LA BOUTEILLE DE LA DEGUSTATION

« clos Saint-Jacques » – Sylvie ESMONIN
***** superbe nez, fumé, cerise, intense, noyau, extraordinaire. Bouche à la limite de la perfection, tannique, vineuse, fumée, extraction parfaite. Un grand terroir, une grande vigneronne. Coup de coeur.

le Clos Saint-Jacques de Sylvie Esmonin est l’une des bouteilles qui m’a rendu complètement « pinot noir addict » dans ma vie bourguignonne. Elle persévère, elle persiste ! Sans discussion aucune (avec moi-même off course) : la plus belle bouteille de la journée.

« Cherbaudes » – Emilie GEANTET
?? nez fin, parfumé, notes florales, joli style. Bouche stricte, un peu marquée par le bois, un peu entêtant comme bouquet. Finale bien faite. A revoir, ça doit se mettre en place.

« clos Prieur » – Pierre GELIN
**(*) nez discret, mais une certaine profondeur, fruits rouges, assez simple. Bouche marquée par de gros amers et des flaveurs peu agréables. C’est asséchant en finale, avec un boisé qui revient. Longueur moyenne.

« Poissenot » – GEANTET-PANSIOT
**** nez de belle richesse et d’intensité, le vrai style Geantet : cerise croquante, noyau, épices douces. Bouche ronde, vineuse, fruitée, de belle ampleur. Bonne finale gourmande.

« les Corbeaux » – domaine HERESZTYN
**** belle vinosité au nez, complexe, herbes aromatiques, joli style charmeur, mais dans un style corsé. Très beau style toujours en bouche, corsé sans excès, avec des arômes bien fixés. Bonne finale vineuse. Beau boulot.

« la Petite Chapelle » – Jean-Michel GUILLON
****(*) nez intense, profond, tendu, très fruits noirs, notes réglissées et fumées. Superbe bouche corsée, superbe imbrication de l’acidité. Riche, corsé, ample, ça envoie jusqu’en finale. Long, long, long… Intense. J’achète.

« la Perrière » – HARMAND-GEOFFROY
***(*) très beau nez fruité, opulent et charmeur, notes réglissées. Bouche bien faite qui me semble moins spectaculaire que le nez, avec un côté minéral certes, mais un manque de densité qu’il faudra suivre.

« Poissenot » – HUMBERT frères
***(*) nez dans le style maison, bien boisé, fumé, opulent, mûres et myrtilles. Bouche corsée, boisée, sauvage et brutale. Il faudra faire montre de patience pour que tout ça se fonde et s’apprivoise.

« la Perrière » – MARCHAND-GRILLOT
**(*) nez de cerise, amandes, curieux. Bouche simple, creuse, pas convaincante. Trame acide marquée.

« les Champeaux » – Denis MORTET
****(*) nez discret, fermé, mais ça pinote bien, petite cerise, notes cendrées. Bouche souple, tendue, vineuse. Corsé pour un Champeaux, mais c’est joli et prometteur. Du caractère et de la haute qualité. Bravo Arnaud.

« clos Prieur » – Thierry MORTET
?? couleur intense. Nez fumé, boisé, réglisse, cerise aigre. Du gaz à l’attaque de bouche, l’ensemble est bousculé et surtout pas prêt. A revoir, avis totalement réservé.
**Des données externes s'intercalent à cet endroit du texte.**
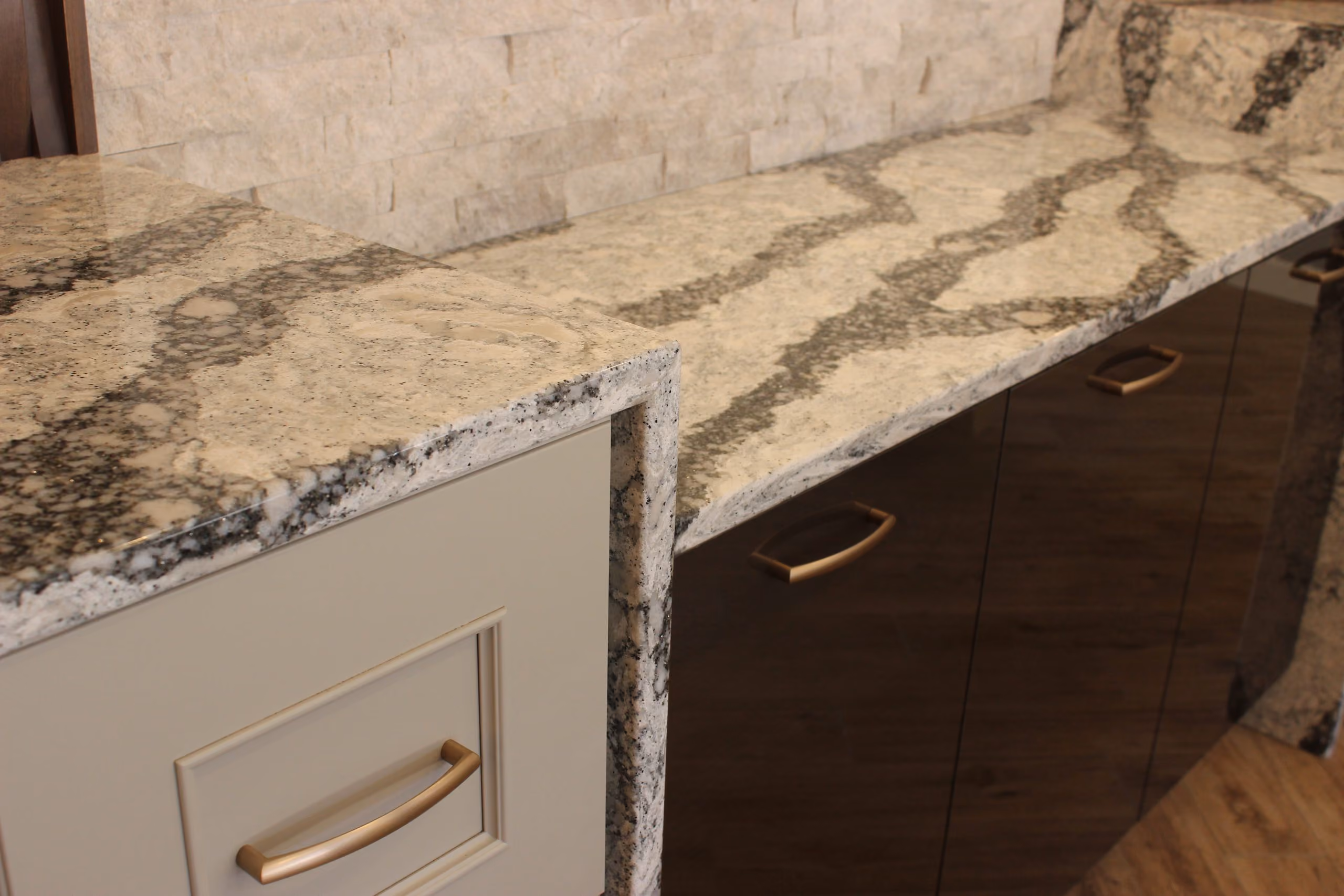 L-shaped stone kitchen countertops with white and dark wood cabinets and gold handles.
« les Cazetiers » – Philippe NADDEF
**** nez très fermé, réservé. La bouche est corsée, austère mais intense et concentrée. Un roc qu’il va falloir attendre pour qu’il donne le meilleur de lui-même. Longueur phénoménale.
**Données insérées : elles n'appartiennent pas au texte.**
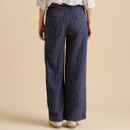 A woman wearing wide-legged, navy striped pants with an elastic waistband, viewed from the back against a neutral background.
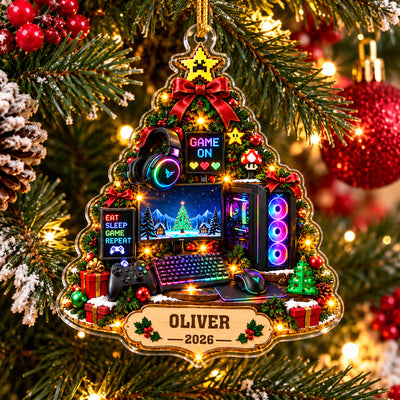 Personalized Gamer Christmas Tree Acrylic Ornament hanging on a pine branch beside red berries and a glittery red bauble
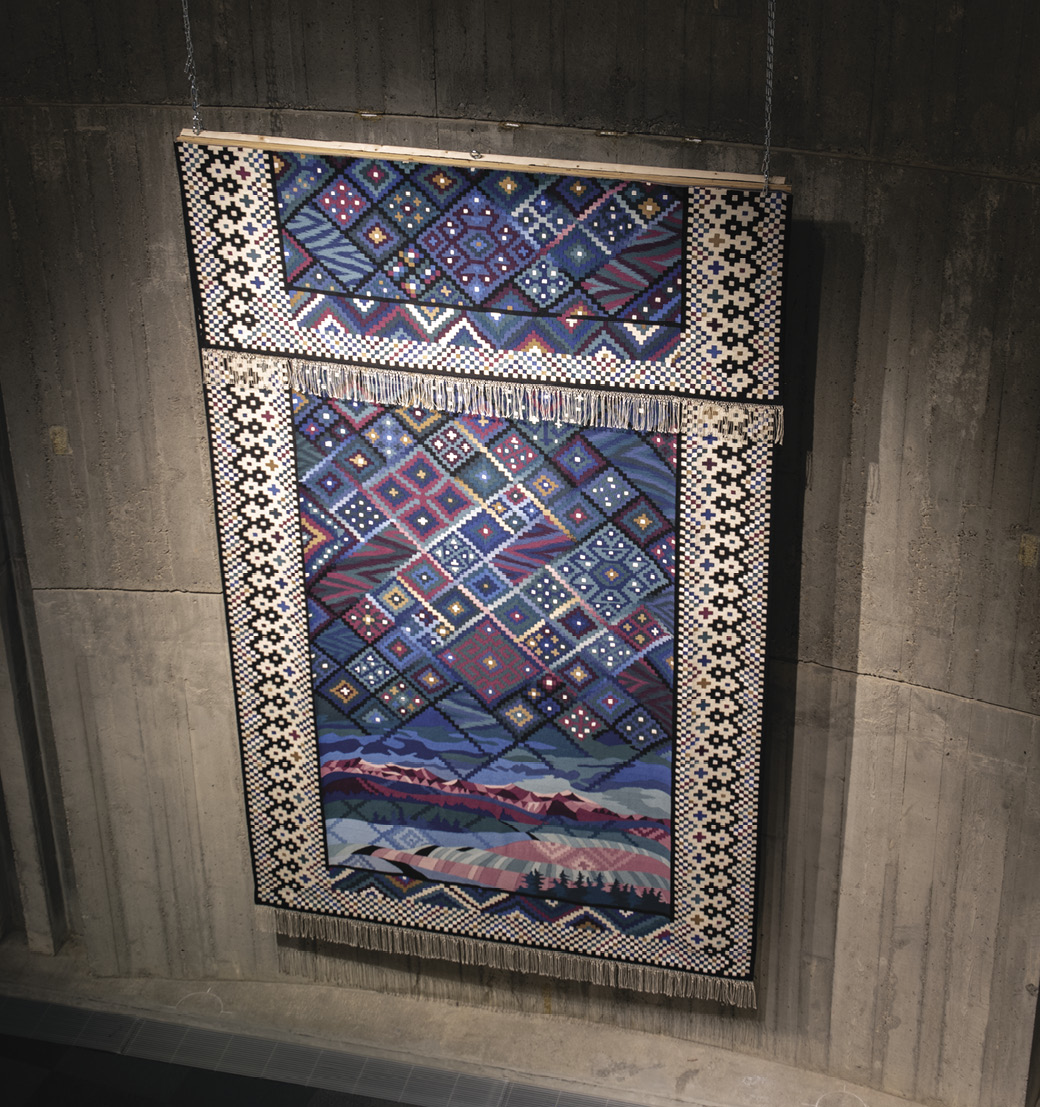 Photo: large blue hanging. It has a black and white patterned border and diamond in shade of blue, dark pink, green, and white in a pattern in the sky above pink-purple mountains and green, blue and pink hills. The piece is bisected across the top third with what could be the bottom of the piece repeated at the top.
« les Corbeaux – vieilles vignes » – Philippe ROSSIGNOL
***(*) nez charmant, arbouse, framboise, notes florales. Bouche dans la bonne moyenne, mais un boisé qui planche arrive en finale. Espérons que ce vigneron consciencieux au demeurant saura gérer la chose. Belle longueur.

« clos Saint-Jacques » – Armand ROUSSEAU
****(*) joli nez élégant, classe, très pinot, jolies notes boisées, profondeur terrienne. Bouche personnelle, aromatiquement intense, fruitée, très belle acidité. Le boisé et le tanin sont aujourd’hui dissociés, mais ça se mettra en place sans problème. J’en suis sûr.

« Lavaux Saint-Jacques » – domaine TORTOCHOT
****(*) beau nez vibrant, spectaculaire de pinot, fumée, tellurique, bien ressemblant à son cru, caillouteux. Très belle attaque vive, trame acide impeccable, très belle concentration. Du vin en milieu de bouche, finale tonique. Très belle bouteille.

« Bel Air » – TAUPENOT-MERME
**(*) nez fruité, poivré, affable et charmeur. Petite pointe de gaz à l’attaque, le vin développe sur des notes poivrées très marquées qui laissent la porte ouverte à quelques interrogations. Finale tranchante.